Never Have I Ever has returned to Netflix with a new season, and, much to my surprise, the series improves substantially in season two. It’s clear that Mindy Kaling and the show’s creative team took much of the criticism about the first season to heart, re-examining and removing some of the most offensive elements and adding much-needed depth to many of the characters. But while the season pulls off some incredibly touching and thoughtful stories, it continues to badly mishandle the issue of race.

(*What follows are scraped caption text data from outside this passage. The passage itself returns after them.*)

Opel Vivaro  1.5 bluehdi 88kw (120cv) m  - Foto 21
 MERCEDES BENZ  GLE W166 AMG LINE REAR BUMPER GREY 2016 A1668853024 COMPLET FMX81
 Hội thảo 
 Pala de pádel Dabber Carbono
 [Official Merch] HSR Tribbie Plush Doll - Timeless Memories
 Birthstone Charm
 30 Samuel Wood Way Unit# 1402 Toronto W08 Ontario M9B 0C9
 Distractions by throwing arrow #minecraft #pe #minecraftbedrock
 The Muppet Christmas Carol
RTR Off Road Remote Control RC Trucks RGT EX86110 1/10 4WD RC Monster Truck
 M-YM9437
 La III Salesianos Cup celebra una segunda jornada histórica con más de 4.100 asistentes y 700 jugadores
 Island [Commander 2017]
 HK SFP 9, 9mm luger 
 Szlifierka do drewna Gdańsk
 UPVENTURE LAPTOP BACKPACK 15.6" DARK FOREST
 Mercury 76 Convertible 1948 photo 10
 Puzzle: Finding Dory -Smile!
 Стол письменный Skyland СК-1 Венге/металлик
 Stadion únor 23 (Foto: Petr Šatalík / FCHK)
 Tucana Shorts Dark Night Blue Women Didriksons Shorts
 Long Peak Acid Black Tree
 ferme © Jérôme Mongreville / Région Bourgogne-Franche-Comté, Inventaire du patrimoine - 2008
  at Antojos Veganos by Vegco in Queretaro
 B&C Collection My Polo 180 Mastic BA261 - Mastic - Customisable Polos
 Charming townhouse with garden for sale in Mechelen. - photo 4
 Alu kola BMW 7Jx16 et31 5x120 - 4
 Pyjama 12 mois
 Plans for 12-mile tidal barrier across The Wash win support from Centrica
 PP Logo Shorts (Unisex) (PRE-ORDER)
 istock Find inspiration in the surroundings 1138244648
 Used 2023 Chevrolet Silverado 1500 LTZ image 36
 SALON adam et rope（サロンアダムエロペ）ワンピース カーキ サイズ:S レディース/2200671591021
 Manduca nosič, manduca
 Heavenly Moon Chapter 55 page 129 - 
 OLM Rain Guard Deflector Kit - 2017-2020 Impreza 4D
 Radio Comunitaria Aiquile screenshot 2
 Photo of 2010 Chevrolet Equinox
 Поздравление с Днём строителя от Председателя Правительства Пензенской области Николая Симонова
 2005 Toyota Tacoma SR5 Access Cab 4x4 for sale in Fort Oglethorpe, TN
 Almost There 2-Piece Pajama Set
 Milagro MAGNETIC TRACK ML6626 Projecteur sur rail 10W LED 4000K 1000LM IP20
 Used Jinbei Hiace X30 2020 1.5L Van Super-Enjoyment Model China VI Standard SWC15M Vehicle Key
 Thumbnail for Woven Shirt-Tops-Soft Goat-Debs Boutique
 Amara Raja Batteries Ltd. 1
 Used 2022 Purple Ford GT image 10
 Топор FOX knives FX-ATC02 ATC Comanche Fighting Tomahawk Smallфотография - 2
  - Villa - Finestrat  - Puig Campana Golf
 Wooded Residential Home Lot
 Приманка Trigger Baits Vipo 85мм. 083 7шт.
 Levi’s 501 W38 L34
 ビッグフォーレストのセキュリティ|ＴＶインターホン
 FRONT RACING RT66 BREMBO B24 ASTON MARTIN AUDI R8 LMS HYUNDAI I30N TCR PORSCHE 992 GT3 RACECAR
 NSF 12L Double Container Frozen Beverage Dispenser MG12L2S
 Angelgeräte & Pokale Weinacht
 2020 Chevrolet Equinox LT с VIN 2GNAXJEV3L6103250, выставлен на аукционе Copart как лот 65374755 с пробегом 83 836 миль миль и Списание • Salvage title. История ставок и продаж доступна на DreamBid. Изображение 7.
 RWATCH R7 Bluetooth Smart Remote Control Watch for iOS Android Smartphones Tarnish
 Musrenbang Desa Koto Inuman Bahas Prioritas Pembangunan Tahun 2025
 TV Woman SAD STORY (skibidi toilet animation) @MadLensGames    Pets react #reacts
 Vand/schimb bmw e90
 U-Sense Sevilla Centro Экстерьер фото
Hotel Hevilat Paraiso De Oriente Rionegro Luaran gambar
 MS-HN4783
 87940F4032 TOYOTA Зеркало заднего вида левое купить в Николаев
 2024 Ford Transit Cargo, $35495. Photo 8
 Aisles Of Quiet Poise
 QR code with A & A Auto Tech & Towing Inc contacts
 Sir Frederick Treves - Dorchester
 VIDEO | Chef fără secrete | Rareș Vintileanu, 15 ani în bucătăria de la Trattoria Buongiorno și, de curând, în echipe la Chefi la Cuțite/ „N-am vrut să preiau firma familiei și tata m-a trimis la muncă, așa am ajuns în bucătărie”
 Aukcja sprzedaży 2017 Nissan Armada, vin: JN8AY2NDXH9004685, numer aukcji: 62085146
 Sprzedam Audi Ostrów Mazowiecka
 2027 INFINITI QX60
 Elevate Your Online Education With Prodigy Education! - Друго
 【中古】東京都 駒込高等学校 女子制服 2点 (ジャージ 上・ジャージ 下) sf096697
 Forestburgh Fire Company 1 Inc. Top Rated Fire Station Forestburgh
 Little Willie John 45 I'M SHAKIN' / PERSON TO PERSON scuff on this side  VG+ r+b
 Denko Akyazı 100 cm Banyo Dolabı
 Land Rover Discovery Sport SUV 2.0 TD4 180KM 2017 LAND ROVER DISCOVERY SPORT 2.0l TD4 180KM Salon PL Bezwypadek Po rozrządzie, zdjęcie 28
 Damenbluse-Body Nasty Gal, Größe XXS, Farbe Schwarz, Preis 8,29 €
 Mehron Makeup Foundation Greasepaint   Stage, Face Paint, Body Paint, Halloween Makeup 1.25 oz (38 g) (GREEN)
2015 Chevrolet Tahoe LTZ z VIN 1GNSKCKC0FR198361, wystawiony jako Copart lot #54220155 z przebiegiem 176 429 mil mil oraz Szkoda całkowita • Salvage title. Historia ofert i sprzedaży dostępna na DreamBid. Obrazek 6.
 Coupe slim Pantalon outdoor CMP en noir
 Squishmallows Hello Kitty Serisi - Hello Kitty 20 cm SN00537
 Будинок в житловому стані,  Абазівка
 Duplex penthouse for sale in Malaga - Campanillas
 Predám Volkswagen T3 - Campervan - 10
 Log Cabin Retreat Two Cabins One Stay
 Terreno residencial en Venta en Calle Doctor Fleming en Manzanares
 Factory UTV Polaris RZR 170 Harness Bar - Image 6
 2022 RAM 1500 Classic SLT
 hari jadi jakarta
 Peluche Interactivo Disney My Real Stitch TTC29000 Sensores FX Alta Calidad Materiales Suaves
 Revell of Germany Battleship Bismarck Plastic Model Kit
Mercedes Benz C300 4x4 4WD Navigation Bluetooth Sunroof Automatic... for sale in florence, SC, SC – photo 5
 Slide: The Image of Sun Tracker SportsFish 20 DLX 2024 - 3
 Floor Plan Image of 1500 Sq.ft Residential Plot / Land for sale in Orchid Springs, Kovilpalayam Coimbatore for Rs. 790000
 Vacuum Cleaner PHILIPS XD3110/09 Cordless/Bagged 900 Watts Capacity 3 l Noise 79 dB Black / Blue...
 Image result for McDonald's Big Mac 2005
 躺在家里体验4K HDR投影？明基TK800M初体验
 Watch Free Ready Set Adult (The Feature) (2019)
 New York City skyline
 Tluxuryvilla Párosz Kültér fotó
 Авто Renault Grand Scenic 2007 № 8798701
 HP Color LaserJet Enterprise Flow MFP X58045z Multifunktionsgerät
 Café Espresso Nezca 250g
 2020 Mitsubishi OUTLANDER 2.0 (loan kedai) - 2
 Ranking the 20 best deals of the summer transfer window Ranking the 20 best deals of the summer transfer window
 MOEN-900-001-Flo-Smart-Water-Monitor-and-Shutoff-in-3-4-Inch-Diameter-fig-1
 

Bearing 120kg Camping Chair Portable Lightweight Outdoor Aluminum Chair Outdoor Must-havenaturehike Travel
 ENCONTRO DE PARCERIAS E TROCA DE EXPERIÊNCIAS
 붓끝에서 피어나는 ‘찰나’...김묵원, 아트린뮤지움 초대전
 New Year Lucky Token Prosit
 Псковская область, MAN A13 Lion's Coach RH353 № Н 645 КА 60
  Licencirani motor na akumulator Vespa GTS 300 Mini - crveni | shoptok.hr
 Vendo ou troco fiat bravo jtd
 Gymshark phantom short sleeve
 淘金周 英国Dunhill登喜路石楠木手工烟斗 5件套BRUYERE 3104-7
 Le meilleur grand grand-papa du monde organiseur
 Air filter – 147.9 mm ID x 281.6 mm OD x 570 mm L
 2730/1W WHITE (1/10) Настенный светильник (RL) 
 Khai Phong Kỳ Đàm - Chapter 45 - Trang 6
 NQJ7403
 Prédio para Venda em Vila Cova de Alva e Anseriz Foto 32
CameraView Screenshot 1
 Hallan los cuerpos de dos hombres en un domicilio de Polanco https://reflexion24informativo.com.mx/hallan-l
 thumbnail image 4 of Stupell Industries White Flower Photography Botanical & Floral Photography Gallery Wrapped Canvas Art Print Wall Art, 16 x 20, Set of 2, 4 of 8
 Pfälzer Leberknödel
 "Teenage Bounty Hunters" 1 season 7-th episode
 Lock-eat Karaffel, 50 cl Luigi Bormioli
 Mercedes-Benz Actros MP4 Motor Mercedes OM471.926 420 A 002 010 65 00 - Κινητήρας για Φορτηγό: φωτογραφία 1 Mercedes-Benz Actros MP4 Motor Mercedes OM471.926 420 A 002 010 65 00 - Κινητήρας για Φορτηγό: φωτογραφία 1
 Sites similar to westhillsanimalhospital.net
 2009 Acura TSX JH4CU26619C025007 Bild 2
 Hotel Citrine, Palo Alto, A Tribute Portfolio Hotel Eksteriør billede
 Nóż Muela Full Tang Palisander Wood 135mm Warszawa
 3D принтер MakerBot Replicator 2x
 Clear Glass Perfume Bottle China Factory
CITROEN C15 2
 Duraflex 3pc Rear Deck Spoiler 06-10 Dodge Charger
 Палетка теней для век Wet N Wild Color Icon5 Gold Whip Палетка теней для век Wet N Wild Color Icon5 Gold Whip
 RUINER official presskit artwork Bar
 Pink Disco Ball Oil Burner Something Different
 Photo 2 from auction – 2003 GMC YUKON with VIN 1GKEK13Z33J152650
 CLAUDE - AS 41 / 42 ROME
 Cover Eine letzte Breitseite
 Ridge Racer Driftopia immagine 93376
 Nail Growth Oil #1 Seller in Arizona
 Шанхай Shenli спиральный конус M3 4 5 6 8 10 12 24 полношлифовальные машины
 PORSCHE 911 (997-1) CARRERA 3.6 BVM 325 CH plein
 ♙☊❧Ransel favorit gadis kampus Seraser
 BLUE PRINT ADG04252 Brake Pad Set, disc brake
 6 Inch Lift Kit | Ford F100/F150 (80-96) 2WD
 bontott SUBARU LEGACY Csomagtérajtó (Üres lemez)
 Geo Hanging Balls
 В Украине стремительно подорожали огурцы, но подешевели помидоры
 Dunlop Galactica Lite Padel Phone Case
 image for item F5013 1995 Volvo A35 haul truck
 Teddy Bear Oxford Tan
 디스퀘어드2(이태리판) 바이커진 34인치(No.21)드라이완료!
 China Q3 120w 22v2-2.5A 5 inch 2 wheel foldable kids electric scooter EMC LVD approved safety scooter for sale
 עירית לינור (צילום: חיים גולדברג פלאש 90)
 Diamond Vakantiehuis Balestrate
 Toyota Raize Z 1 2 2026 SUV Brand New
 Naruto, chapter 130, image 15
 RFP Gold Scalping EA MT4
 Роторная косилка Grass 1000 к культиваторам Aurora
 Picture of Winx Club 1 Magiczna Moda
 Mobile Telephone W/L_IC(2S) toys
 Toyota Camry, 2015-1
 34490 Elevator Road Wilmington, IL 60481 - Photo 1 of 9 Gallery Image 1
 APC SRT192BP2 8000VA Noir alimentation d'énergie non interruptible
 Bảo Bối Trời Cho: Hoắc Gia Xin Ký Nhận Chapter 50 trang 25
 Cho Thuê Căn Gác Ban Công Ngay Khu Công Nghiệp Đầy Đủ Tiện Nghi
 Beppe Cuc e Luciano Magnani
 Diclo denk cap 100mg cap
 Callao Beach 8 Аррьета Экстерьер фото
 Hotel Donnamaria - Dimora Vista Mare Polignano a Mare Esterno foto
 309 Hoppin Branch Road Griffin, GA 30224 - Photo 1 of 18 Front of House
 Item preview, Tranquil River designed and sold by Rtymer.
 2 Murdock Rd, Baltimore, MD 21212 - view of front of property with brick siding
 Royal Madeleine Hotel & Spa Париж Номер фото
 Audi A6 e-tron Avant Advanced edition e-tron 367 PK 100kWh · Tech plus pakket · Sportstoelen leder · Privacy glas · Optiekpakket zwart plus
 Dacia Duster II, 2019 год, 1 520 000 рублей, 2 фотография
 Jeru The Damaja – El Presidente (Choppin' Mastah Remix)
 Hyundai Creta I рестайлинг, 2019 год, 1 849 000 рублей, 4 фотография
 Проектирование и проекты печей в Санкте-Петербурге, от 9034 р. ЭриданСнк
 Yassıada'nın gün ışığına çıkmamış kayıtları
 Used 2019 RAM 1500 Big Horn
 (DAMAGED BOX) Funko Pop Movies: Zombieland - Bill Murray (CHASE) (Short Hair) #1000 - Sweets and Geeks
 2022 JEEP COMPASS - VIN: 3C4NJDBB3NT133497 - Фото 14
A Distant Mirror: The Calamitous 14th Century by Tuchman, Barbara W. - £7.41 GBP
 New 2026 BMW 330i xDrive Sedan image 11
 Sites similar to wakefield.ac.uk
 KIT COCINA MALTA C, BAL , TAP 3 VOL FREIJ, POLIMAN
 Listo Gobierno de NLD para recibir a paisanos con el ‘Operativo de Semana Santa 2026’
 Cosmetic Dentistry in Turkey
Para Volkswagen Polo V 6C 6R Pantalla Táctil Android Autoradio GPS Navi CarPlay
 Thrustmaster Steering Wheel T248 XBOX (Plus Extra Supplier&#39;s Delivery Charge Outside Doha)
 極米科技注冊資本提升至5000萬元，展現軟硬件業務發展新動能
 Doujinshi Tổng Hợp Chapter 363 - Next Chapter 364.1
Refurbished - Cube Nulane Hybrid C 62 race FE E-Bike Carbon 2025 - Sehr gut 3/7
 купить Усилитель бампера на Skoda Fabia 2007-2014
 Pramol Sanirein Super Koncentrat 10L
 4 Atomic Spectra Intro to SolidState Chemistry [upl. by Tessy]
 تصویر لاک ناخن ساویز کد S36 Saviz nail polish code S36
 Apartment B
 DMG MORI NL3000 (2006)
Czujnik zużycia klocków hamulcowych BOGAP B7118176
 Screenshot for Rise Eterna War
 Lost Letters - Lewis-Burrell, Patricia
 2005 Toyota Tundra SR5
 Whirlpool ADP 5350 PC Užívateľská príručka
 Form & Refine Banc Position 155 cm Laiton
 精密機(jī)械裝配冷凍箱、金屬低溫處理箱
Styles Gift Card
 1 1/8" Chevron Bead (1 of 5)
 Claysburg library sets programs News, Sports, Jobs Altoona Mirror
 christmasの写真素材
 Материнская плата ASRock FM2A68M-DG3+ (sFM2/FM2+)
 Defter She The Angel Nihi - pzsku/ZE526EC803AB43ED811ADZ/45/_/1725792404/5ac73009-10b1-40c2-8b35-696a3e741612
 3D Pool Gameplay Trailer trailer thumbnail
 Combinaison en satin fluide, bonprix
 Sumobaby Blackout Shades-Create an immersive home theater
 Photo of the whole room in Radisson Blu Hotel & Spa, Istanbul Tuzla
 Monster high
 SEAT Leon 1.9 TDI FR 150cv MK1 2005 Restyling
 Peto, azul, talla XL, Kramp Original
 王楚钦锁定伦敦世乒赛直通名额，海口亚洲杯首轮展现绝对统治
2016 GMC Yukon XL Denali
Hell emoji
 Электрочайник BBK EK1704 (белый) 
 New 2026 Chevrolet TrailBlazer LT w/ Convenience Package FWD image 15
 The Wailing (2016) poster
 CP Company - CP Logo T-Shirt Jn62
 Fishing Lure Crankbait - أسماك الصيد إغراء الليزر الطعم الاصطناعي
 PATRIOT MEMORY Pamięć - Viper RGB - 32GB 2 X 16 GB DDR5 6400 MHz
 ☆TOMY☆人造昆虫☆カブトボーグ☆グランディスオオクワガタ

Season two of NHIE portrays Indian communities with much more nuance than season one, but it takes some time to get there. It starts by making some of the same mistakes as its predecessor: barely two minutes into episode one, Nalini shares an instance of her “emotional exuberance” when she once hugged a stranger after hearing about a discount on a damaged printer. It’s an unnecessary moment, dripping with stereotypes about Indians being cheap and emotionally detached.

Her visit to Chennai is similarly full of racist presentations of India: for instance, the ridiculous notion of winning favors with family through Trader Joe’s snacks and the dig about losing power don’t square with Nalini’s wealthy family. As with season one’s depiction of Indian community, the writers scatter kernels of truth here and there, but they’re unexamined and not properly fleshed out: taking just one example, Nalini’s family probably would have servants — but also, so would the ostensibly middle-class Nirmala. However, as the season progresses, the show thankfully moves away from making sweeping statements about Indians (that are pretty much always offensive) and focuses on developing the characters instead.

Nalini, in particular, undergoes a complete transformation between the two seasons. Throughout season one, Nalini was the type of emotionally abusive Indian parent who only ever berated her child. In season two, she shows much more willingness to see things from Devi’s perspective right from the start. Multiple times in the first few episodes, Nalini lets Devi off the hook without any real punishment or lecture for breaking the rules. I’m not convinced that the type of parent Nalini was in season one changes so easily or quickly into one who can admit her own faults or when her daughter is in the right. Honestly, though, I think this shift is for the better because the show is actually able to develop a storyline of Nalini’s own, as we learn more about her office, see her interact with her professional colleagues and grapple with the challenges of being a single parent.

The Vishwakumar family sits around a table eating dinner. Nalini sits at the head of the table and is speaking with Kamala, to her left. Devi sits on Nalini's right and Nirmala is in the foreground of the image, next to Devi. The family is eating a traditional Indian meal prepared by Nirmala.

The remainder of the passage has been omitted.